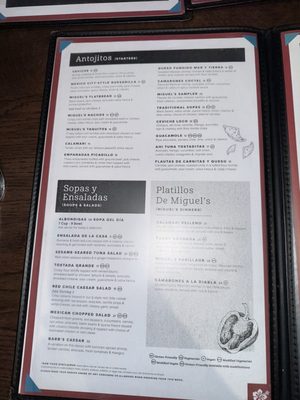 Menu photo 4 Miguel's Cocina Coronado, CA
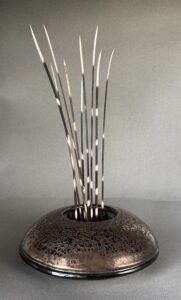 Toledo-based sculptor Julie Schnell-Madden's ceramic works appear at 22 North Gallery in Ypsi Nov. 7–Dec. 6.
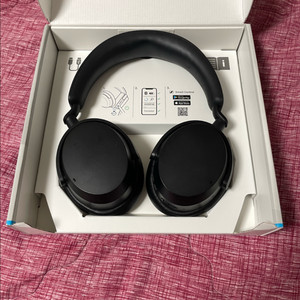 젠하이저 엑센텀 노캔 블루투스 헤드폰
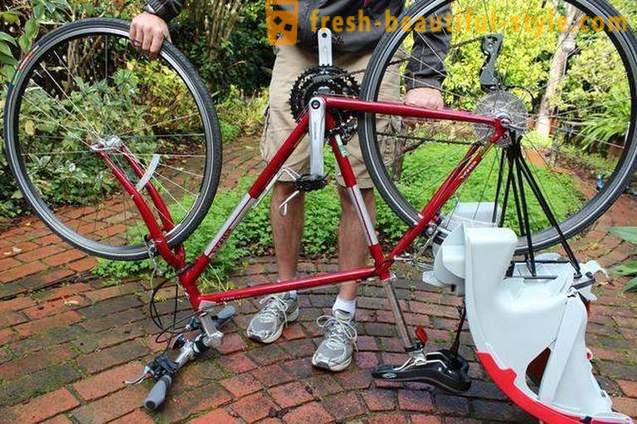 Hur man monterar den bakre cykelnavet?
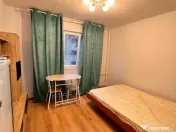 Camera de camin tip garsoniera,cu baie proprie,et2,renovata,cu chirias 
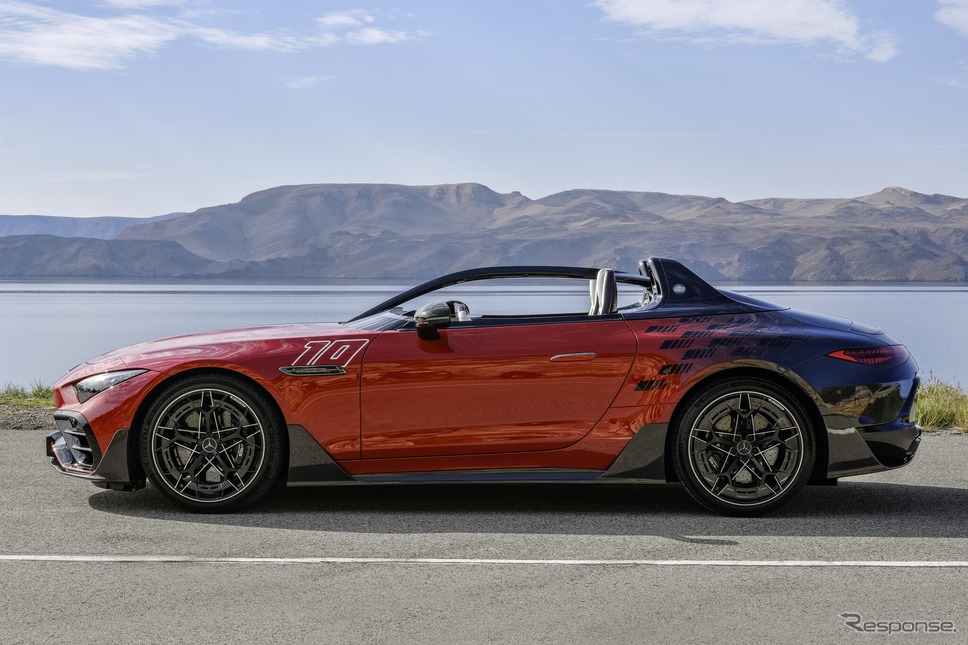 メルセデスAMG ピュアスピード《photo by Mercedes-benz》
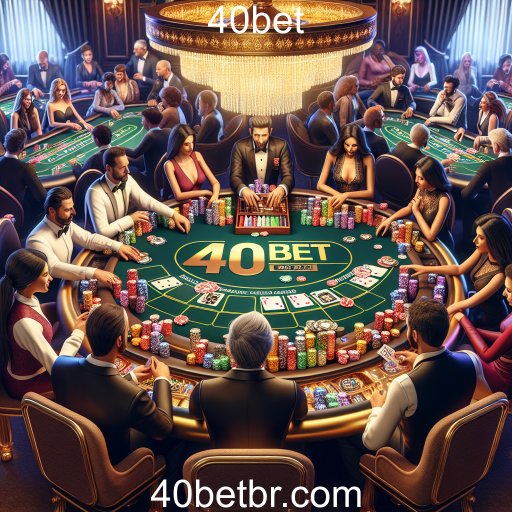 Explorando a Categoria de Jogos de Mesa no 40bet: Estratégias e Diversão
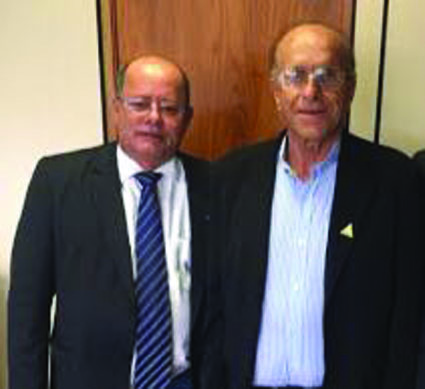 Comitiva de Araguari viaja a Brasília em busca de recursos para o Parque Linear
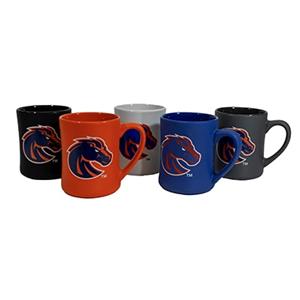 Boise State Mug Matte Full Color Bronco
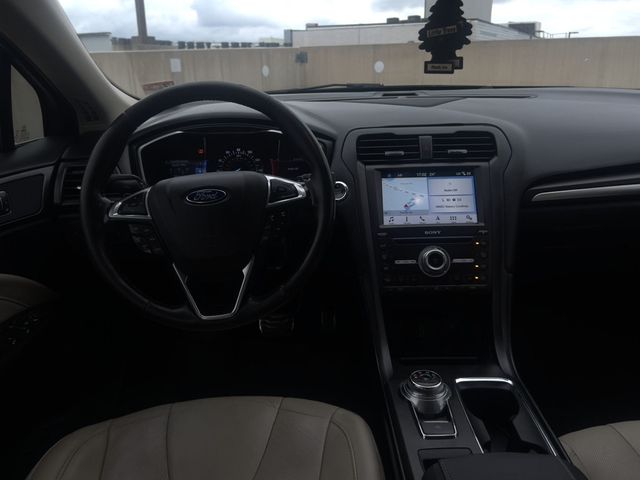 2017 Ford Fusion 2017 Ford Fusion Titanium FWD - 22912699 - 4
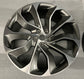 ONE (1) 2020-2026 Lincoln Aviator OEM Factory 21 Wheel Machined Gray LC5C1007E1A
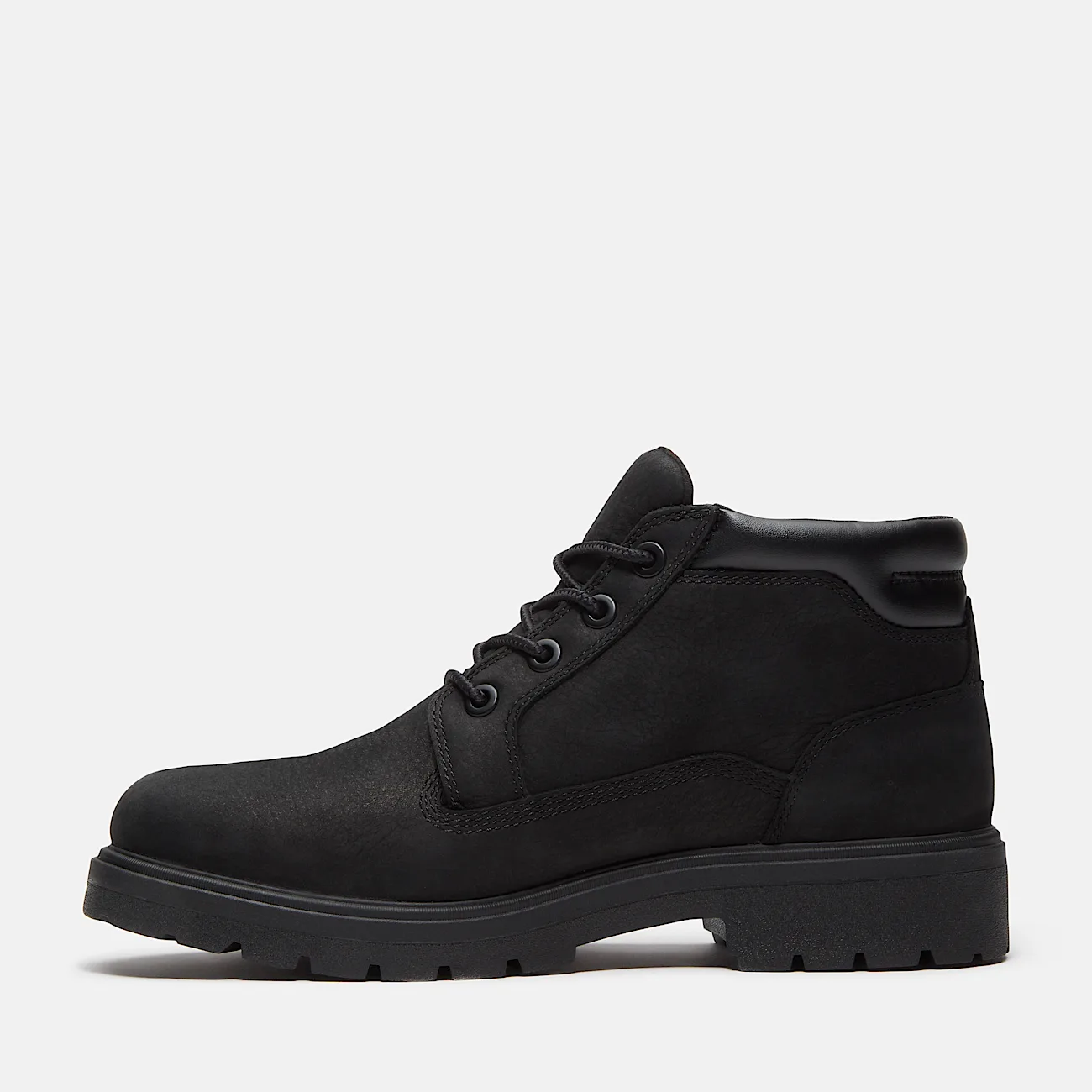 Mens Auburn Falls Waterproof Chukka Boot TBL Black Nubuck ALT6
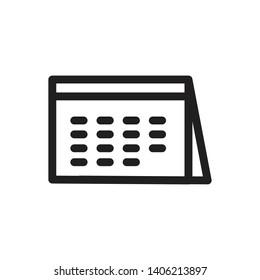 Calendar Vector Icon Illustration eps10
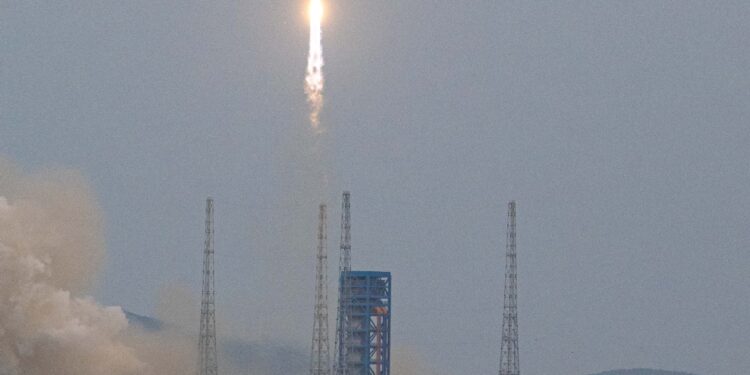 China Launches Long March-12 With Internet Satellites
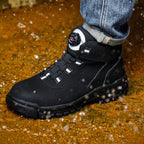 Chaussures de sécurité montantes imperméables, embout acier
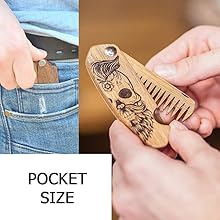 comb wood man comb peine para barba wooden combs for natural hair comb kit wood combs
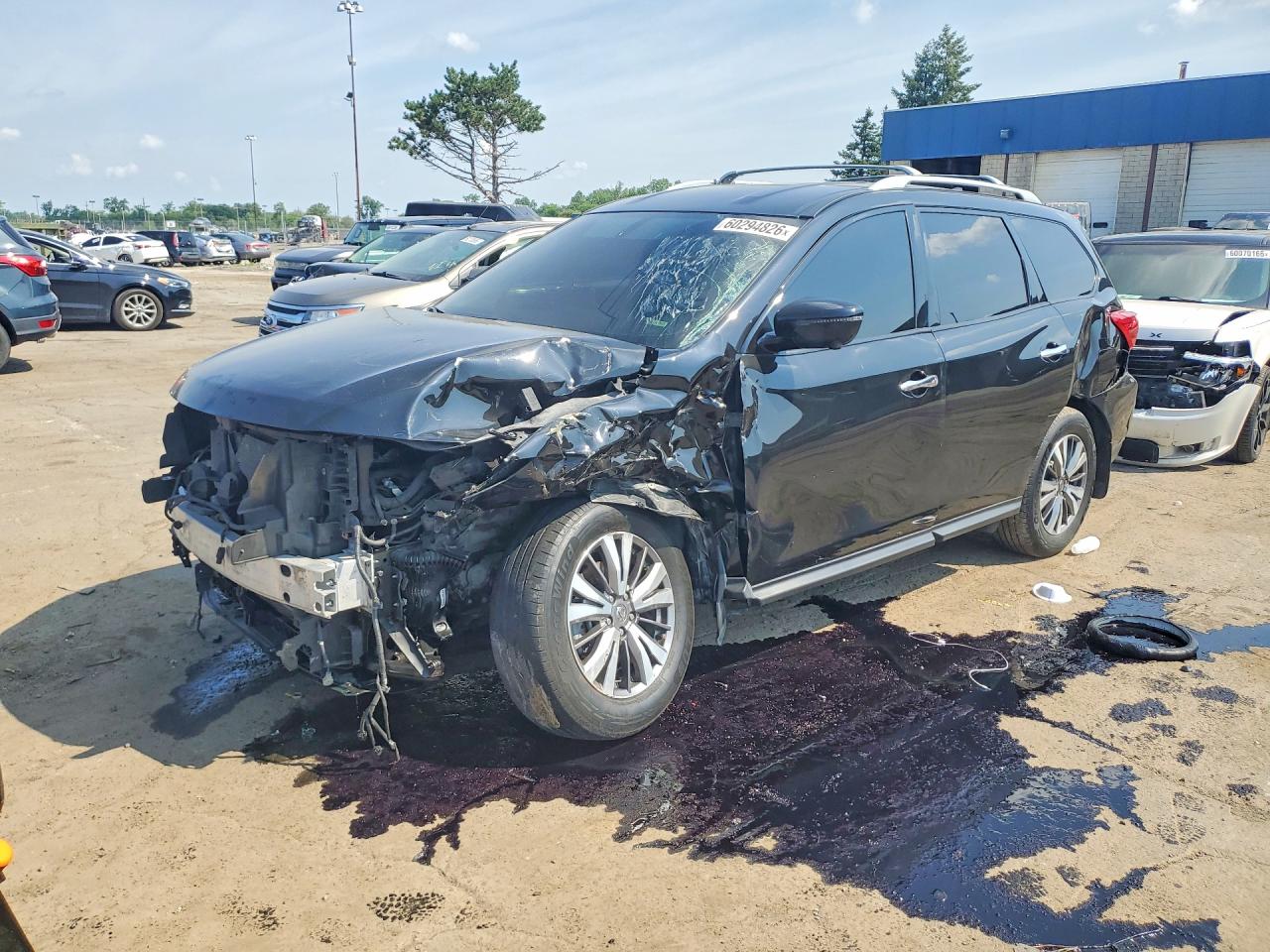2020 NISSAN PATHFINDER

------------

**Required work:**
Each line from the one containing "2017 Ford Fusion 2017" through the last line of the data should be written out exactly. Skip the pictures, and add no other lines.

**Response to the task:**
 2017 Ford Fusion 2017 Ford Fusion Titanium FWD - 22912699 - 4
 ONE (1) 2020-2026 Lincoln Aviator OEM Factory 21 Wheel Machined Gray LC5C1007E1A
 Mens Auburn Falls Waterproof Chukka Boot TBL Black Nubuck ALT6
 Calendar Vector Icon Illustration eps10
 China Launches Long March-12 With Internet Satellites
 Chaussures de sécurité montantes imperméables, embout acier
 comb wood man comb peine para barba wooden combs for natural hair comb kit wood combs
2020 NISSAN PATHFINDER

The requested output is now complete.